Here, Italpasta's sales in Pennsylvania from 2000 through 2009 represented only.76% of its total sales for that period. (Fiorelli Dec. ¶ 6.) These contacts are at best minor, and not central to Italpasta's overall business.*fn3 See generally Reliance Steel Prods. v. Watson, Ess, Marshall & Enngas, 675 F.2d 587, 589 (3d Cir. 1982) (noting that the high threshold for establishing general jurisdiction requires the facts presented showing the defendant's business contacts with the forum must be "extensive and persuasive") (internal citation omitted). Therefore, they are insufficient to warrant the exercise of general jurisdiction over Italpasta.
PMC cites to the following additional business contacts in support of its argument for general jurisdiction: (1) Italpasta dealt with several suppliers and vendors in Pennsylvania;*fn4 (2) Italpasta hired a Pennsylvania law firm to prosecute a lawsuit on its behalf in federal court in New Jersey; (3) Italpasta's employees have made hundreds of phone calls and sent e-mails to Pennsylvania residents (including PMC's employees); (4) Italpasta's Vice-President of Sales and other sales representatives traveled to Pennsylvania approximately three times; (5) Italpasta shipped its products to Alanric Food Distributors, in Westville, New Jersey, which were likely then sold to Pennsylvania residents; (6) Italpasta filed a state court complaint in Westmoreland County, Pennsylvania in 2009 against one of its Pennsylvania distributors. None of these contacts, however, qualify as the type of central and regular business activities which was critical to the Third Circuit's finding of general jurisdiction in Provident. See Provident, 819 F.2d at 438 (finding that use of bank clearing account each business day constituted daily contact that was a "continuous and central part" of the defendant's business); Modern Mailers, 844 F. Supp. at 1053 (noting that the Provident court "found to be most critical to its finding of general jurisdiction, however, was the fact that the defendant conducted business daily with the Pennsylvania bank which held its disbursement account").*fn5
Therefore, the Court concludes that Italpasta has insufficient contacts with this forum to constitute the type of systematic and continuous contacts necessary to warrant the exercise of general jurisdiction.
B. Specific Jurisdiction
1. Minimum Contacts
In analyzing specific jurisdiction arising out of a breach of contract claim, the court should consider "the totality of the circumstances, including the location and character of the contract negotiations, the terms of the contract, and the parties' actual course of dealing." Remick v.

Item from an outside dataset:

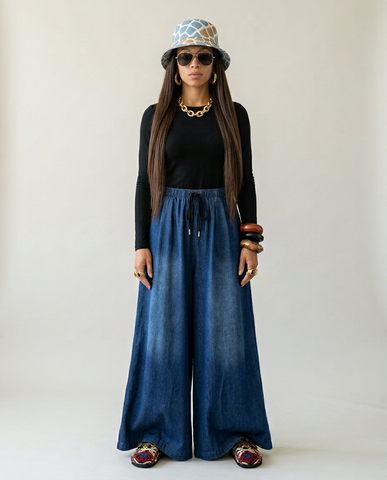 Wild Heart Denim Wide Leg Pants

Manfredy, 238 F.3d 248, 256 (3d Cir. 2001); see Mellon Bank, 960 F.2d at 1224 (noting that a court should employ a "'highly realistic' approach [and] take into account 'prior negotiations, and contemplated future consequences, along with the terms of the contract and the parties' actual course of dealing'") (quoting Burger King, 471 U.S. at 479) (emphasis deleted). The determination of whether sufficient minimum contacts exist turns on whether Italpasta's activities rise to such a level that it purposefully availed itself of the privileges of doing business in Pennsylvania, such that it should reasonably anticipate being haled into court here. See Vetrotex, 75 F.3d at 151.

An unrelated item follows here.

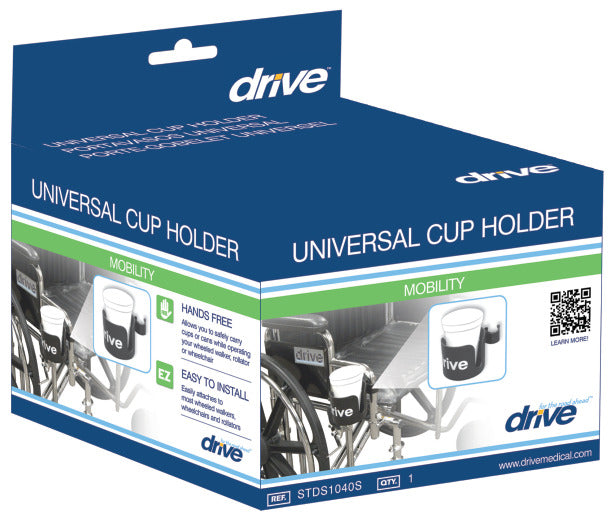 Load image into Gallery viewer, Drive Medical Universal Clamp-On Cup Holder For Walker, Rollator, &amp; Wheelchair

Specific jurisdiction requires a direct causal connection between the contacts with the forum and the merits of the plaintiff's claim. See O'Connor, 496 F.3d at 319-20; Gen. Elec. Co. v. Deutz AG, 270 F.3d 144, 150 (3d Cir. 2001) (instructing that in analyzing specific jurisdiction in contract cases, "courts should inquire whether the defendant's contacts with the forum were instrumental in either the formation of the contract or its breach"). Put another way, "[s]pecific jurisdiction is the cost of enjoying the benefits" provided by the forum. O'Connor, 496 F.3d at 323.

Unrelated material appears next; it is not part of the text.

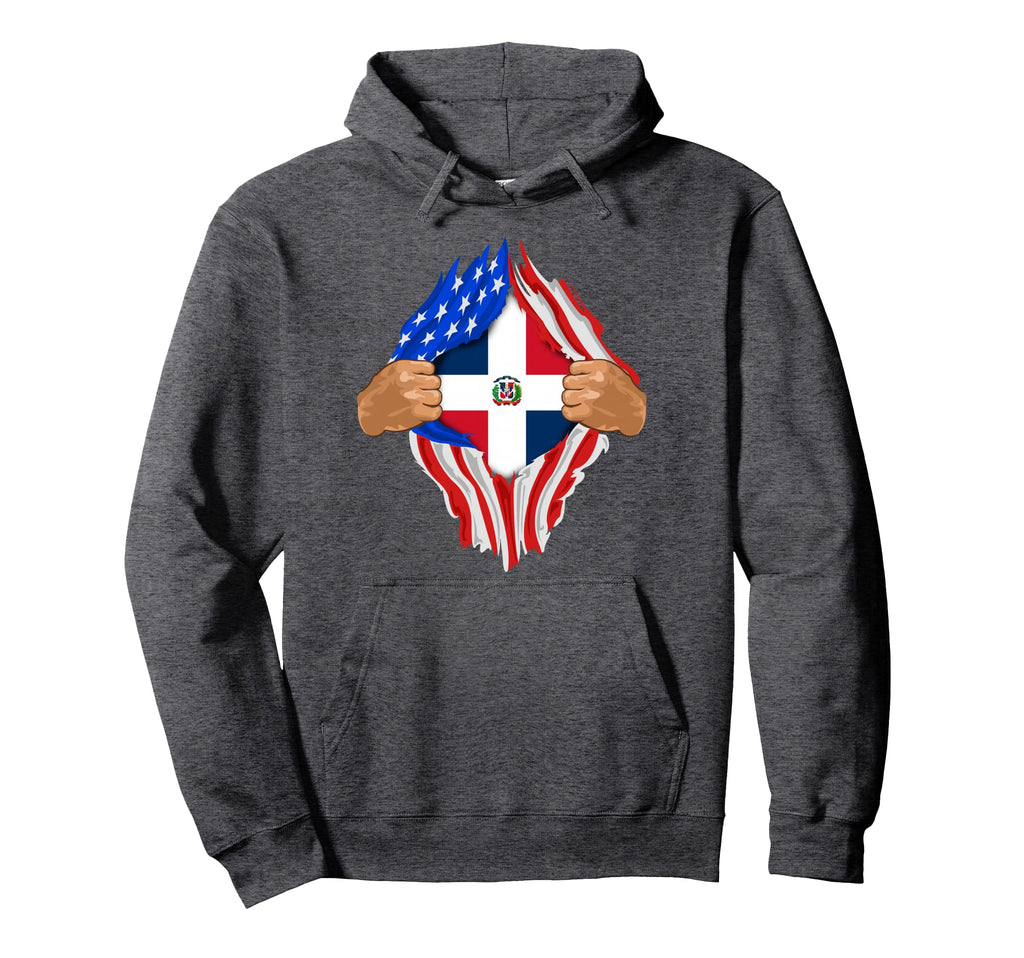 Dominican Blood Inside Me Dominican Hoodie - Graphic Print for Adults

In Mellon Bank, the Third Circuit found specific jurisdiction existed where the defendants sought out a Pennsylvania bank to execute a loan transaction. 960 F.2d at 1223-24. The court found that the defendants had purposefully availed themselves of the privileges of business afforded by Pennsylvania because the defendants: (1) sought out the Pennsylvania bank for the transaction; (2) were aware, or should have been aware, that they were involved with a Pennsylvania resident; (3) sent payments and correspondence concerning the loan transaction to Pennsylvania; and (4) negotiated and corresponded directly with the Pennsylvania bank. Id. at 1223. The defendants connections with Pennsylvania outside of this loan transaction were "virtually nonexistent." Id. at 1224. The court relied heavily on the fact that the non-resident defendants made the conscious decision to contact the Pennsylvania bank since the defendants had the option of seeking out financing in several different states. Id. at 1223. The court did acknowledge, however, that this scenario represented a "close case." Id.
Italpasta argues that specific jurisdiction is inappropriate in this forum on the ground that it qualifies as a "passive buyer," who did not purposefully avail itself to the privileges associated with doing business in Pennsylvania. The Third Circuit addressed this issue of specific jurisdiction in the context of a passive buyer in Vetrotex, 75 F.3d 147.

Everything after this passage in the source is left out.